En octobre 2002, le Comité sur l'immunisation du Québec (CIQ) mandatait un groupe de travail pour réviser le programme de vaccination contre l'hépatite B et étudier la possibilité d'introduire un programme de vaccination universelle contre l'hépatite A. On demandait au Groupe de travail sur les hépatites A et B de produire deux documents décrivant le fardeau des infections à virus de l'hépatite A et l'hépatite B au Québec, les caractéristiques des vaccins, les avantages, le coût, la faisabilité et l'acceptabilité des changements possibles dans les programmes de prévention de ces maladies.

Ce document revoit le programme actuel d'immunisation contre l'hépatite B au Québec ainsi que les données scientifiques publiées depuis le précédent rapport du CIQ en décembre 1991. Le plan qui a été suivi pour la rédaction de ce document est celui suggéré par Erickson et De Wals qui proposent une démarche systématique pour la prise de décision lors de l'instauration de nouveaux programmes ou changements considérables des programmes d'immunisation déjà existants.

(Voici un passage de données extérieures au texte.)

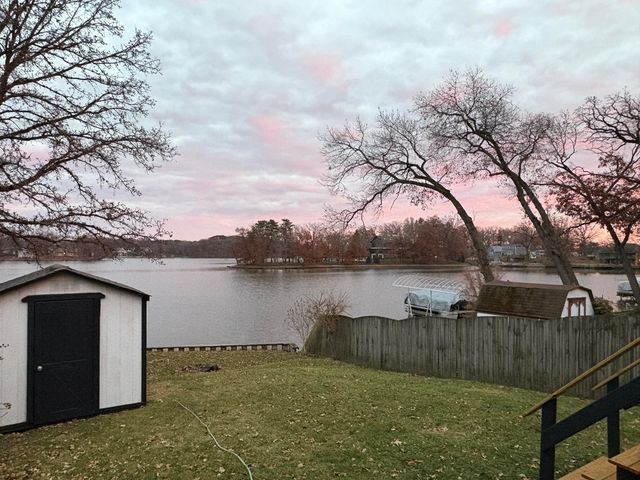 121 W Lakeview Drive, Lowell, IN 46356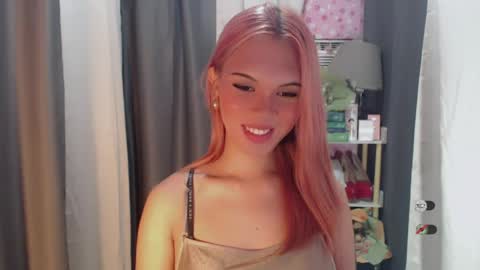 Snapshot of yourlovekylie chatting on 07-28-26, 08:52 KYLIE MORE online show from 07-28-26, 08:52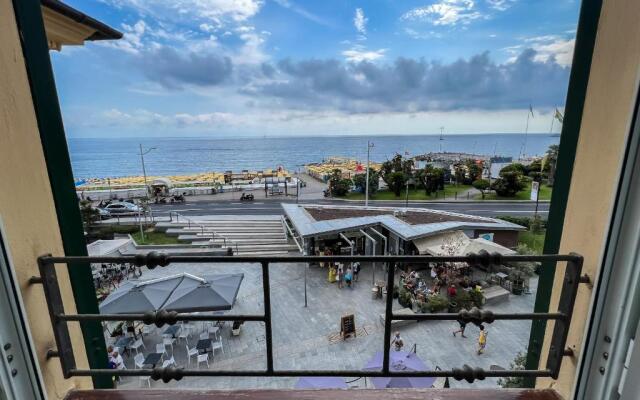 Splendido appartamento con vista mare su piazza Dante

On a étudié deux changements possibles au programme de vaccination contre l'hépatite B. Le premier consisterait à introduire la vaccination universelle des nourrissons. Le second serait d'effectuer la vaccination des préadolescents avec deux doses de vaccin au lieu de trois. Des recommandations ont été formulées sur ces deux questions.

Conclusions et recommandations

1. Vaccination des nourrissons

La vaccination universelle des nourrissons contre l'hépatite B est effectuée dans la plupart des pays du monde. Les résultats obtenus pendant les deux dernières décennies ont démontré clairement l'efficacité de la vaccination universelle des nourrissons. Quoique les titres d'anticorps obtenus chez les nourrissons soient plus bas que les titres obtenus chez les adolescents et les adultes, une très bonne protection contre l'hépatite B est assurée pendant plusieurs années après la vaccination.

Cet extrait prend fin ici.